Reilly’s background in the amusement park industry provides a solid foundation for leading Six Flags. However, he faces immediate hurdles, including declining attendance and a decrease in revenue. With a tightened schedule for decision-making and urgent calls for restructuring, the pressure is on him to navigate these turbulent waters effectively.
Recent Performance Concerns
The performance of Six Flags has raised eyebrows among investors and park enthusiasts alike. Recent reports highlight a staggering 17% drop in attendance during the early months of the year, primarily attributed to unpredictable weather patterns. Rainstorms nationwide hurt guest turnout across the parks.

Financial results for the second quarter did not offer much relief, with a notable $100 million decrease in revenue and lower attendance rates. By the third quarter, the situation appeared to worsen with a further decline of $31 million compared to the same period last year. The company noted an alarming 4% decrease in per capita spending, indicating a broader decline in consumer spending at their parks.
Strategic Shift in Park Management
In response to these troubling trends, Six Flags has initiated a strategic reevaluation of its properties. Plans are underway for potential park closures and sales, a move aimed at streamlining operations and restoring financial viability. Brian Witherow, the executive VP and CFO, confirmed that the company intends to narrow its focus to parks that demonstrate the most promising returns on investment.

Under Reilly’s direction, Six Flags will categorize its parks into “core” and “non-core” assets, prioritizing those that generate consistent revenue.
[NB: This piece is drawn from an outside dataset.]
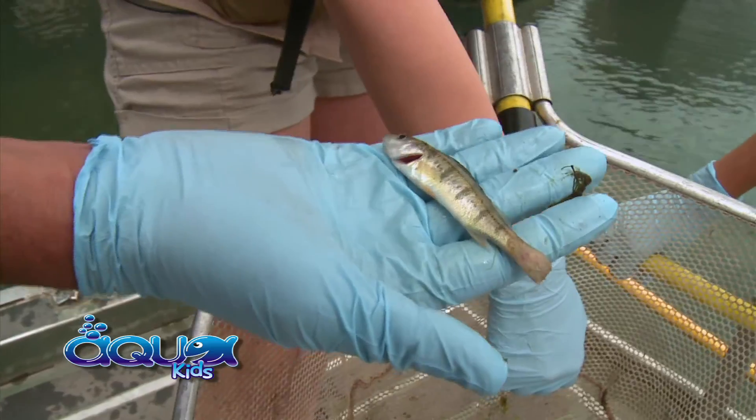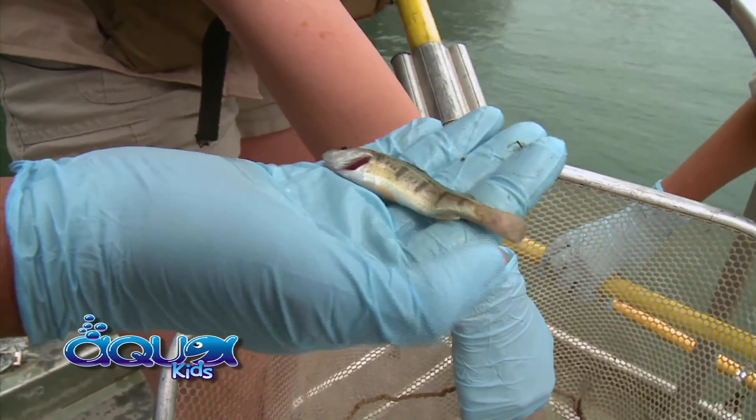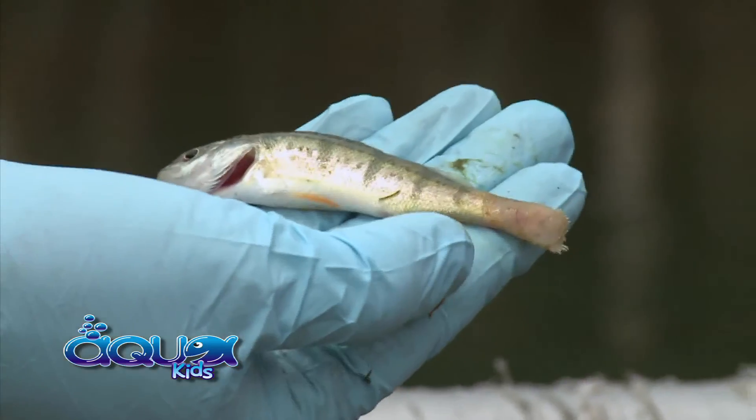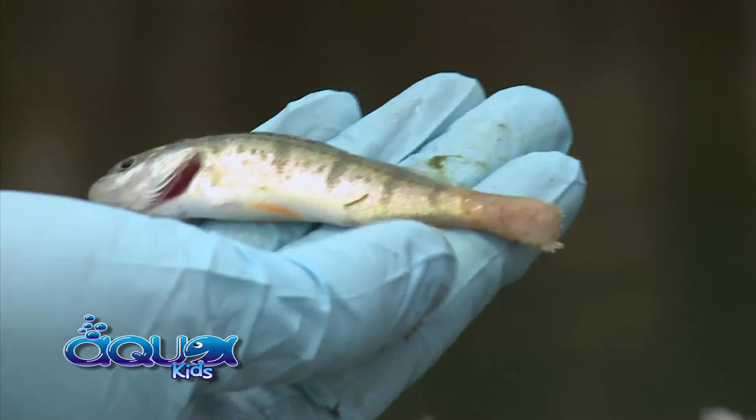If you see this example of this yellow perch — look at his tail — it looks like it's burnt off and he's got blood coming out of the end of his tail. That's definitely the one we want to send in for a VHS test.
This means some parks could soon face the possibility of closure or sale, while others may receive the attention and resources needed to thrive. This strategic pivot highlights the company’s objective to reduce operational debt and refocus efforts on its most successful properties.
Financial Outlook and Future Steps
As the dust settles on the leadership change, observers speculate on the possible outcomes for Six Flags. Analysts suggest that while financial recovery may take time, an emphasis on core parks could lead to improved revenue streams. However, this raises concerns about the potential impact on employees and visitors, especially at parks marked for closure.

Reilly’s strategy involves making decisions that could directly affect the workforce and customer experiences. Layoffs may be unavoidable as part of cost-cutting measures, while park closures could disrupt the regular attendance patterns that many locations rely on. Despite these potential challenges, Reilly’s approach to enhancing profitability and stabilizing the brand could ultimately prove beneficial for Six Flags in the long term.
With the firm’s future hanging in the balance, the amusement park community watches closely to see how Reilly will steer Six Flags through this rocky phase. More changes are expected, and the path forward remains uncertain as decisions about “core” and “non-core” parks unfold.